§ **TASK OBJECTIVE**: Somewhere below is a line with "Рис. 3: Схема" and, later, a line with "Mayfair Corner Lounging"; repeat those two lines and all the lines between them, exactly as they are.

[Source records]
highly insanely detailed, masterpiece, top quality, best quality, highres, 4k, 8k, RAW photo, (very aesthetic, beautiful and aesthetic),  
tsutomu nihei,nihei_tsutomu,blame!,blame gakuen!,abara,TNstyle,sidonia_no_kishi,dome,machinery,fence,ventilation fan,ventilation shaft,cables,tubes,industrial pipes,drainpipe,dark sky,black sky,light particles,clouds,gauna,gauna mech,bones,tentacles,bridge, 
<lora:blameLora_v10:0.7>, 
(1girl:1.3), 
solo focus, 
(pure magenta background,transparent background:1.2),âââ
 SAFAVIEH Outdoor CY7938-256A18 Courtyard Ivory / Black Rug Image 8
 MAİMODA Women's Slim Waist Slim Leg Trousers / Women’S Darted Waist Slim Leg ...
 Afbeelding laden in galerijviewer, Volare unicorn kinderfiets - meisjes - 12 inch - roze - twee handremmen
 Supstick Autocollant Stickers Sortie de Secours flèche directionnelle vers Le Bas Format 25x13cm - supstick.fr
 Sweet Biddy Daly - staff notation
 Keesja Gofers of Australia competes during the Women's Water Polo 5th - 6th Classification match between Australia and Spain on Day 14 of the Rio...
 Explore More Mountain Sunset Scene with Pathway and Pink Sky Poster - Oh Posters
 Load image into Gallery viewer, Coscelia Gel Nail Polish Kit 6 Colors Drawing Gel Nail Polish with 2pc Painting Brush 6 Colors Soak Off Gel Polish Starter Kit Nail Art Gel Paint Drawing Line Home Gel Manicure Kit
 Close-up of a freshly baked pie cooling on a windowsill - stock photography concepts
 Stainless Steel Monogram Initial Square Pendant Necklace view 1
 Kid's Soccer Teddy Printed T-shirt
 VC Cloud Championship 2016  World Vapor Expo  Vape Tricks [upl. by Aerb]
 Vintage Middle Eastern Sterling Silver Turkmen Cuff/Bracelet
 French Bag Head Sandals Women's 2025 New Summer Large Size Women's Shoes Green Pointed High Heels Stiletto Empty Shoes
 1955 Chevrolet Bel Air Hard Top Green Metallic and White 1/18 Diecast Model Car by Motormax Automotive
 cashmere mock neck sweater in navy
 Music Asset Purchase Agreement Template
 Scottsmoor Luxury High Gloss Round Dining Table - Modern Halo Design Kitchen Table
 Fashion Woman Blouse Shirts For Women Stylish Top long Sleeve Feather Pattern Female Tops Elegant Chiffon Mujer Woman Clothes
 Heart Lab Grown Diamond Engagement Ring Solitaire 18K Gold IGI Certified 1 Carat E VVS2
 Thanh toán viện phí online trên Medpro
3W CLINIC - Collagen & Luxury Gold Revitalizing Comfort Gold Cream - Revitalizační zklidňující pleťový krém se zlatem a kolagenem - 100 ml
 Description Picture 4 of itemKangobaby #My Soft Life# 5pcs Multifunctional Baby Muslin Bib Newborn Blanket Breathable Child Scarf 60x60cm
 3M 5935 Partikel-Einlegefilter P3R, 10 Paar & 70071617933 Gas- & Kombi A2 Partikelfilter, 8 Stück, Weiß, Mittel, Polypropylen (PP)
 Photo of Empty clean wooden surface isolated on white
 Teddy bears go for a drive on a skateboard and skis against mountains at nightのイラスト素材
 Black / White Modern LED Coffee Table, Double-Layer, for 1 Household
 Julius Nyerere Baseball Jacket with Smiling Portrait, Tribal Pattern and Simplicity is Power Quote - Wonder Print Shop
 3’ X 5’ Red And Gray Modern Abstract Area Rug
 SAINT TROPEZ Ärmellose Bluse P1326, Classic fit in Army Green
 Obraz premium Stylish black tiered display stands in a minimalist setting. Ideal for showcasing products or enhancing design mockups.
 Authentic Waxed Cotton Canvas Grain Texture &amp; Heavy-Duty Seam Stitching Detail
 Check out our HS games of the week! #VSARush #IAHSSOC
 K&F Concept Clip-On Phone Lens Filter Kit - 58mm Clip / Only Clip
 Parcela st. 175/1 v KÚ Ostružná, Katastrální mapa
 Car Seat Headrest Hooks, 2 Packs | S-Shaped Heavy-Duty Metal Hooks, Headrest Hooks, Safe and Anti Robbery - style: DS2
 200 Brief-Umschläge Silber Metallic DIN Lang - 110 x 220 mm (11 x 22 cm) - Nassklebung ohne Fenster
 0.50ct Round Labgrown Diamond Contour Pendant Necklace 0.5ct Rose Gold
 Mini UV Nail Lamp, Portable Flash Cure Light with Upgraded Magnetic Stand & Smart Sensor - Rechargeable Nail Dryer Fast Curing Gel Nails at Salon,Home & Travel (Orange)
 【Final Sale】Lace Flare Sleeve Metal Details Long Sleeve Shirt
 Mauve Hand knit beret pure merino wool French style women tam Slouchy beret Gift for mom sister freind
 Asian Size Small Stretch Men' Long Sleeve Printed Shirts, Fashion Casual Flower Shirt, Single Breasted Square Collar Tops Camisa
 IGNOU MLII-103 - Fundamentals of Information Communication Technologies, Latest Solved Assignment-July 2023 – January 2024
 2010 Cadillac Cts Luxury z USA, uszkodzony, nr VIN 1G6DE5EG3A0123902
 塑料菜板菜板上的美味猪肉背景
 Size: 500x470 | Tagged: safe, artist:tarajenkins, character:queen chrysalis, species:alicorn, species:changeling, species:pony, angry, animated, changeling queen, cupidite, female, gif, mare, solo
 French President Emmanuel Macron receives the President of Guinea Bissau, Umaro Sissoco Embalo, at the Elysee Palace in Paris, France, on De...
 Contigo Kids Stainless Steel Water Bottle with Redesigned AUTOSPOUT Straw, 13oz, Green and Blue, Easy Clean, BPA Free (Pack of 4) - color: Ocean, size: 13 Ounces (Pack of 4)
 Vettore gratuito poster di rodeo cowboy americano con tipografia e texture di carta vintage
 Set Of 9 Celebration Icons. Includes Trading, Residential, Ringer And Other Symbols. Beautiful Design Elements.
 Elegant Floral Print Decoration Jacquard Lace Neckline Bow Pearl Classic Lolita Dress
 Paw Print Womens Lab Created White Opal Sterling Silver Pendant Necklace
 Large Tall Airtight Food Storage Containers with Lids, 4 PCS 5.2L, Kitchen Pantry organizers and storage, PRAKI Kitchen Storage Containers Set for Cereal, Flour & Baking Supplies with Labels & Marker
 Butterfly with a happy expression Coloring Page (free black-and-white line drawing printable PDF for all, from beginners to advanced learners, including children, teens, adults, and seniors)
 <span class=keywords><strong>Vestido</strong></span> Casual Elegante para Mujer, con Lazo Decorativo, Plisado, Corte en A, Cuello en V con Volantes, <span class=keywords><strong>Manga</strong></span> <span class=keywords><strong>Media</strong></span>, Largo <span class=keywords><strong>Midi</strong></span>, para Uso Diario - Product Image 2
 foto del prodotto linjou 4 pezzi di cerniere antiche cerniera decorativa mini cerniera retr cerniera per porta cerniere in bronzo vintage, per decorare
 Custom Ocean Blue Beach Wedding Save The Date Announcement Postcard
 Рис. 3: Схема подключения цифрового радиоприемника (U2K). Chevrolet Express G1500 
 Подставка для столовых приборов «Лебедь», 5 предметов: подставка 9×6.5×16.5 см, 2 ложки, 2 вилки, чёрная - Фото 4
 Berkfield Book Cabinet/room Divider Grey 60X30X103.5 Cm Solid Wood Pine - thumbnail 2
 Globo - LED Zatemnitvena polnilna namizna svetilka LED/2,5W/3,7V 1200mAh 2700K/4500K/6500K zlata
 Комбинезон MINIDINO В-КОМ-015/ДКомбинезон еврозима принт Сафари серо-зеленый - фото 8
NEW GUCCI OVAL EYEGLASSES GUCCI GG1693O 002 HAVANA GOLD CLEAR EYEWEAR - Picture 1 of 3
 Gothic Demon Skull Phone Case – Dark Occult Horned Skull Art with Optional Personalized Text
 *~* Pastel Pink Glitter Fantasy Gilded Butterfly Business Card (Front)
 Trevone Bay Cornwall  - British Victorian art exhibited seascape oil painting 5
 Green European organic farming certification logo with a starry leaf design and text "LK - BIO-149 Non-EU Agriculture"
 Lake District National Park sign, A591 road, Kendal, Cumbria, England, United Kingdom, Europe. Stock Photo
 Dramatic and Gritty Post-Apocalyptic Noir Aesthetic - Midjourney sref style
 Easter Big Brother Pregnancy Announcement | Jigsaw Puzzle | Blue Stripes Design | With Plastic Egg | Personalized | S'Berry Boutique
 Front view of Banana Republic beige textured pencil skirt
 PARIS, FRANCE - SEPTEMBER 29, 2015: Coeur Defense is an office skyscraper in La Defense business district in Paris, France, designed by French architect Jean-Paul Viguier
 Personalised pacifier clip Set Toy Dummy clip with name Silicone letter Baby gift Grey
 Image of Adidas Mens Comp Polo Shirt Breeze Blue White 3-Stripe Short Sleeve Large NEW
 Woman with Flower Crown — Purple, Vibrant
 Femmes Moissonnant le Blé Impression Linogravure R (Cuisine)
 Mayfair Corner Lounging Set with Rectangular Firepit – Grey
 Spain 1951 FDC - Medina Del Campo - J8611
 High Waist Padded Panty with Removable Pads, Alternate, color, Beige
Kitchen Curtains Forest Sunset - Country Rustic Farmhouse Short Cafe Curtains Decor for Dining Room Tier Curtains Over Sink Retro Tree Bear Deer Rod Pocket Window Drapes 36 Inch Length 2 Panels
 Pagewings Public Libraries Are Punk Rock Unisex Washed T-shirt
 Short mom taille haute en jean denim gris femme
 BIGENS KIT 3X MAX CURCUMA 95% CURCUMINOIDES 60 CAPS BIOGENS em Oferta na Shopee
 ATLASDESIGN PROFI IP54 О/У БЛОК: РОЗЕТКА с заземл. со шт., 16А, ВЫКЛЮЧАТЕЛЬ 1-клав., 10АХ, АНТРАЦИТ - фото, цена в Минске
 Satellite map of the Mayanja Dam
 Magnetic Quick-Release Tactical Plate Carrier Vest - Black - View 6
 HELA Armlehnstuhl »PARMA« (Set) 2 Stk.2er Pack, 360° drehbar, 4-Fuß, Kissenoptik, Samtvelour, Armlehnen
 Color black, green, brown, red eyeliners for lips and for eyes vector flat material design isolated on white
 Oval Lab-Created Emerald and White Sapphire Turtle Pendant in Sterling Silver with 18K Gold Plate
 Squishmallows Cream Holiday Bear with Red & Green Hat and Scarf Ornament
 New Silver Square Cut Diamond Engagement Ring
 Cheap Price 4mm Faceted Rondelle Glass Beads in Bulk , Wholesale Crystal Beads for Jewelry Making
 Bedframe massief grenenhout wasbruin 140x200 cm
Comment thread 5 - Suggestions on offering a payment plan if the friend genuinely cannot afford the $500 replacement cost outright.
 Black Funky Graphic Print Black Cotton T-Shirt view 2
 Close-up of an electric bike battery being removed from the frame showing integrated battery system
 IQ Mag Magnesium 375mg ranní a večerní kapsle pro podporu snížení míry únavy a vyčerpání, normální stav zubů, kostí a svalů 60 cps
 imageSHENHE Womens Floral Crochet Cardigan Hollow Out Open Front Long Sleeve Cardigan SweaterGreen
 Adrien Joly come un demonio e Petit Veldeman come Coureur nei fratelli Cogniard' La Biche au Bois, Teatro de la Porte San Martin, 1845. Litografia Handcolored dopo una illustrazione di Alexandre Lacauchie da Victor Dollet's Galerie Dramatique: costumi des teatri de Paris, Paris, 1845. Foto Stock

§ **RESULT**:
 Рис. 3: Схема подключения цифрового радиоприемника (U2K). Chevrolet Express G1500 
 Подставка для столовых приборов «Лебедь», 5 предметов: подставка 9×6.5×16.5 см, 2 ложки, 2 вилки, чёрная - Фото 4
 Berkfield Book Cabinet/room Divider Grey 60X30X103.5 Cm Solid Wood Pine - thumbnail 2
 Globo - LED Zatemnitvena polnilna namizna svetilka LED/2,5W/3,7V 1200mAh 2700K/4500K/6500K zlata
 Комбинезон MINIDINO В-КОМ-015/ДКомбинезон еврозима принт Сафари серо-зеленый - фото 8
NEW GUCCI OVAL EYEGLASSES GUCCI GG1693O 002 HAVANA GOLD CLEAR EYEWEAR - Picture 1 of 3
 Gothic Demon Skull Phone Case – Dark Occult Horned Skull Art with Optional Personalized Text
 *~* Pastel Pink Glitter Fantasy Gilded Butterfly Business Card (Front)
 Trevone Bay Cornwall  - British Victorian art exhibited seascape oil painting 5
 Green European organic farming certification logo with a starry leaf design and text "LK - BIO-149 Non-EU Agriculture"
 Lake District National Park sign, A591 road, Kendal, Cumbria, England, United Kingdom, Europe. Stock Photo
 Dramatic and Gritty Post-Apocalyptic Noir Aesthetic - Midjourney sref style
 Easter Big Brother Pregnancy Announcement | Jigsaw Puzzle | Blue Stripes Design | With Plastic Egg | Personalized | S'Berry Boutique
 Front view of Banana Republic beige textured pencil skirt
 PARIS, FRANCE - SEPTEMBER 29, 2015: Coeur Defense is an office skyscraper in La Defense business district in Paris, France, designed by French architect Jean-Paul Viguier
 Personalised pacifier clip Set Toy Dummy clip with name Silicone letter Baby gift Grey
 Image of Adidas Mens Comp Polo Shirt Breeze Blue White 3-Stripe Short Sleeve Large NEW
 Woman with Flower Crown — Purple, Vibrant
 Femmes Moissonnant le Blé Impression Linogravure R (Cuisine)
 Mayfair Corner Lounging Set with Rectangular Firepit – Grey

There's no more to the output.